** Opening Data block block **

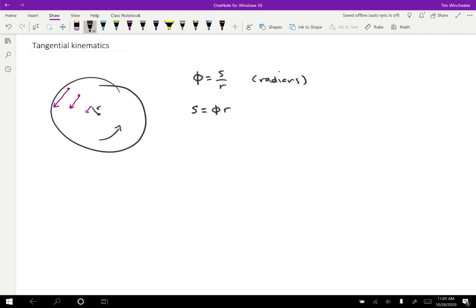If we're interested in how fast it's going, we can take the derivative of that. So the speed of that point is going to be equal to dφ/dt times R. Remember, R is constant, so we don't have to worry about taking the derivative of that part. And so that's just going to be ω times R.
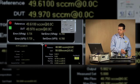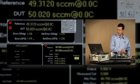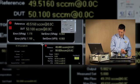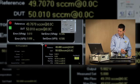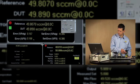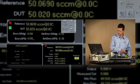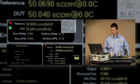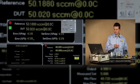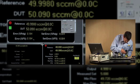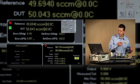That reference indication is slowly coming up. We see the error now starting to come inside of 1%. And there we are, well within our tolerance.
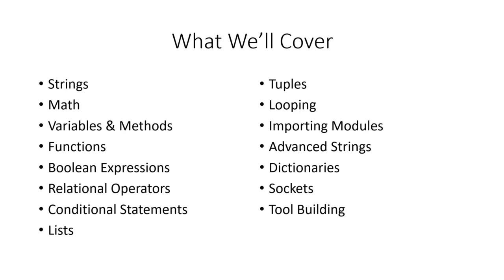One very big thing to point out, you do not have to be a developer to be successful in penetration testing. The important thing is that you understand what you're seeing and understand how to read code. If when you come away from this module, you have a better understanding on how to read what you are seeing in code, you'll be much better off. By no means do you have to be a developer.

** Closing Data block block **

• [What needs to be done]: Output all lines above precisely. Pictures are to be left out.

• [Exercise answer]:
If we're interested in how fast it's going, we can take the derivative of that. So the speed of that point is going to be equal to dφ/dt times R. Remember, R is constant, so we don't have to worry about taking the derivative of that part. And so that's just going to be ω times R.
That reference indication is slowly coming up. We see the error now starting to come inside of 1%. And there we are, well within our tolerance.
One very big thing to point out, you do not have to be a developer to be successful in penetration testing. The important thing is that you understand what you're seeing and understand how to read code. If when you come away from this module, you have a better understanding on how to read what you are seeing in code, you'll be much better off. By no means do you have to be a developer.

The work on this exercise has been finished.